— Given data —
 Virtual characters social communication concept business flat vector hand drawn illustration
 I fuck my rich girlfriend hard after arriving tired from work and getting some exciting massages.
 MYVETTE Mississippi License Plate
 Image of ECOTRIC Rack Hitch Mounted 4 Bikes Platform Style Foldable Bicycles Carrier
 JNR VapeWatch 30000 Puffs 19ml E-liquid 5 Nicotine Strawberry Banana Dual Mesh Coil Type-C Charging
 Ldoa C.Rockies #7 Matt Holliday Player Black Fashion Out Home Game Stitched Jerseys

— Instructions for the task —
Once you find the line containing "JNR VapeWatch 30000", copy it and every line after it through the end of the records, exactly as they stand.

— Reply to the task —
 JNR VapeWatch 30000 Puffs 19ml E-liquid 5 Nicotine Strawberry Banana Dual Mesh Coil Type-C Charging
 Ldoa C.Rockies #7 Matt Holliday Player Black Fashion Out Home Game Stitched Jerseys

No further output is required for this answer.